Further, it is not easy to make an adhesive layer thin (1 μm or less), so that it inevitably has a thickness to some extent. Many adhesive layers are therefore colored, or cause separation, or yellow, when heated as disclosed in Japanese Laid-Open Patent Publications No. 313729/1996, No. 29325/1999, No. 75924/1996, No. 151877/1999, etc. In particular, adhesive layers made from acrylic resins, as disclosed in Japanese Laid-Open Patent Publication No. 28827/2000, are known to yellow at high temperatures of more than 200° C.
Of the above-described liquid crystalline transfer sheets, a liquid crystalline transfer sheet of the type which the liquid crystal layer is adhered to a receiving object via thermocompression bonding is also disadvantageous in that it is not easy to peel the substrate from the liquid crystal layer after the liquid crystal layer formed on the substrate has been adhered to a receiving object via thermocompression bonding, if the release layer, easily separable adhesive layer or adhesive layer as described above is not provided.
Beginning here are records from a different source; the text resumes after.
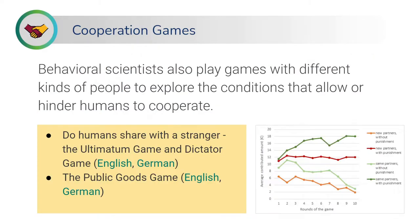Furthermore, behavioral scientists also play games with different kinds of people — people of different cultures or different ages — to help us explore the conditions that allow or hinder humans to cooperate. Here are two teaching materials that summarize examples of such games that scientists have played with different people to understand, for example, the role of transparency and feedback on how people behave to uphold cooperation.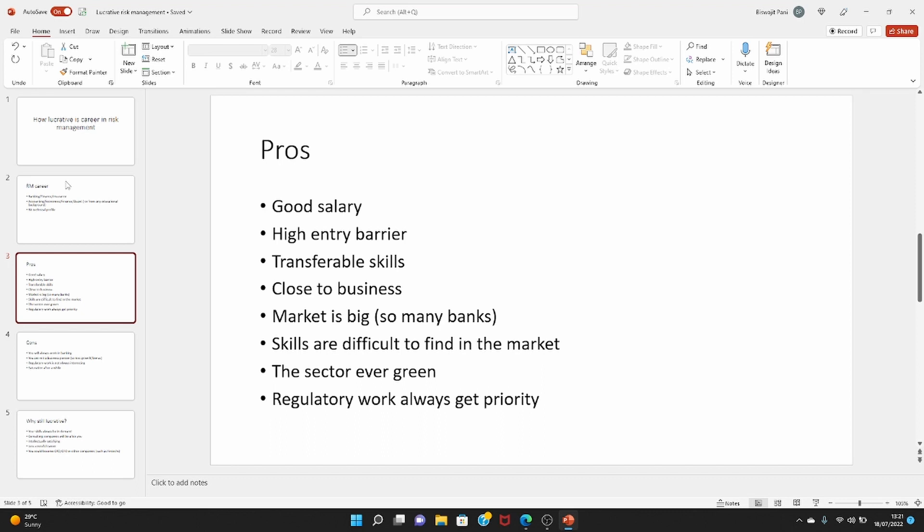You're close to business, so at least on paper you're close to business. You talk to business very often, so you can move to business and have a career in business. You can be somebody who can have a client-facing role after you have spent couple of years in risk management department, and your skills will still be valuable there. But make sure that you make this move early on. You don't have to wait 10 years for that, because after you are very experienced, it will be very difficult for you to move to other departments.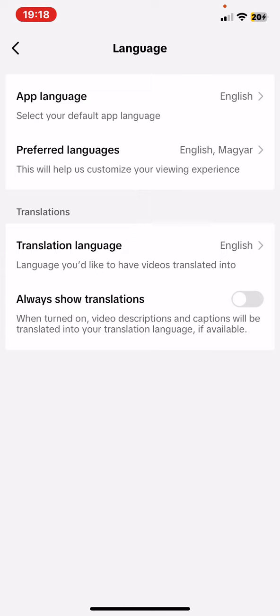At the Translation section, you can set the translation language and you can enable always show translations. So for example, if a comment appears in a foreign language, then it will be translated to English immediately.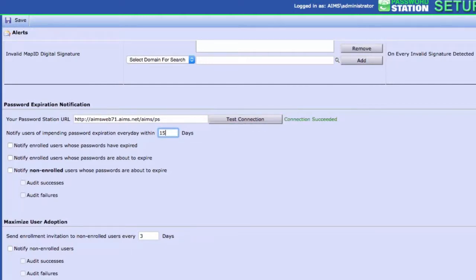Set the number of days prior to a password expiration to begin the messages. Messages will be sent every day until users reset their passwords.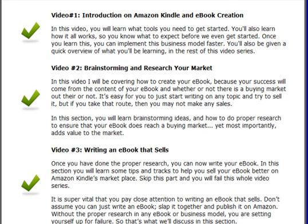Video number one is the introduction on Amazon Kindle. We talk about how it all works and basically what tools you need. Fortunately, you do not have to spend any money for the tools. You do need Microsoft Word, but if you don't have it, you can use something like OpenOffice, which is free — as long as you can create Word documents. There are other tools we'll be talking about in that particular video.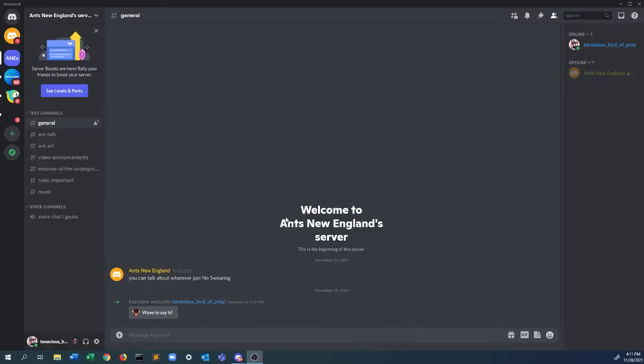Hello everyone, Ant New England here. As a late Thanksgiving special, I'm releasing a Discord.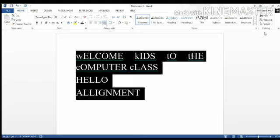So children, do practice all these options on your laptops and computer systems. Thank you.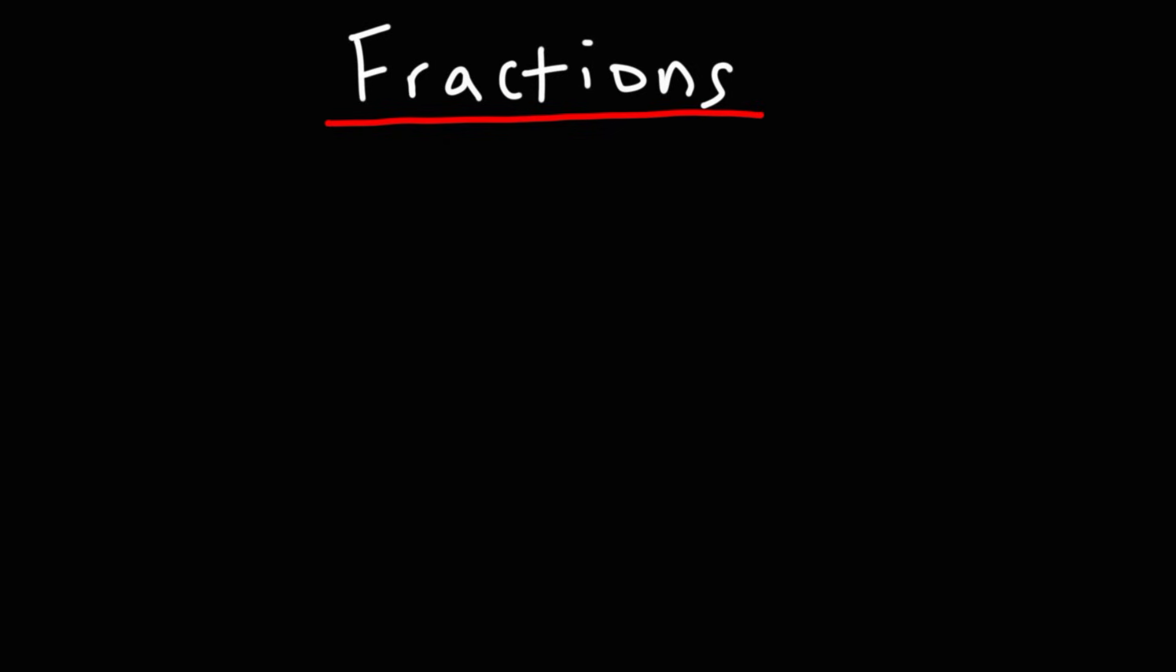In today's lesson, I want to give you an introduction into fractions. So what exactly is a fraction? A fraction is basically a part of something, a part of a whole.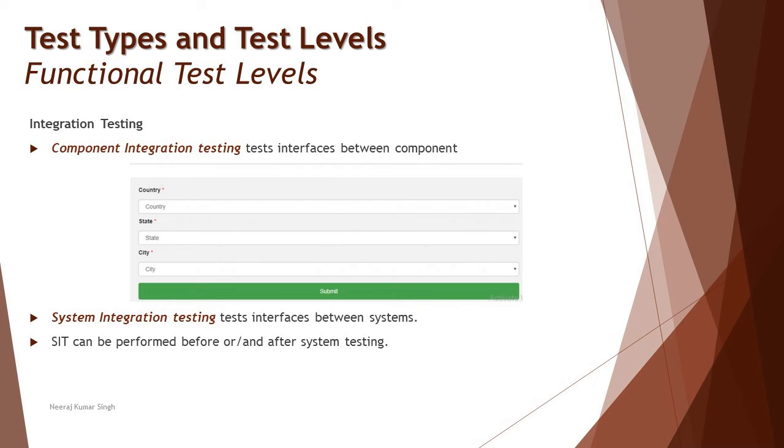When we talk about system integration after system testing, it means that your system is one of the systems for the end product. For example, I have three companies A, B, C developing different systems. They will do system testing of their own product or own system what they're asked to. Then A, B, C will join together to do system integration.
The above-described phenomenon depends on materials for the substrate and the receiving object, and occurs when the adhesion between the liquid crystal layer to be transferred and the substrate is stronger than the adhesion between the liquid crystal layer and the receiving object. In such a case, it is not easy to peel the substrate from the liquid crystal layer after the liquid crystal layer has been adhered to the receiving object. In particular, if the liquid crystal layer is extremely thin, it can be broken when the substrate is tried to peel from the liquid crystal layer. In addition, as disclosed in Japanese Laid-Open Patent Publication No. 311710/1999, for example, there is such a case where a cholesteric liquid crystal layer is adhered to another cholesteric liquid crystal layer via thermocompression bonding. Even in this case, if the cholesteric liquid crystal layers are thin or the adhesion between the cholesteric liquid crystal layer and the substrate is stronger than that between the cholesteric liquid crystal layers, it is difficult to transfer the cholesteric liquid crystal layers to a receiving object, and the cholesteric liquid crystal layers can be damaged (broken).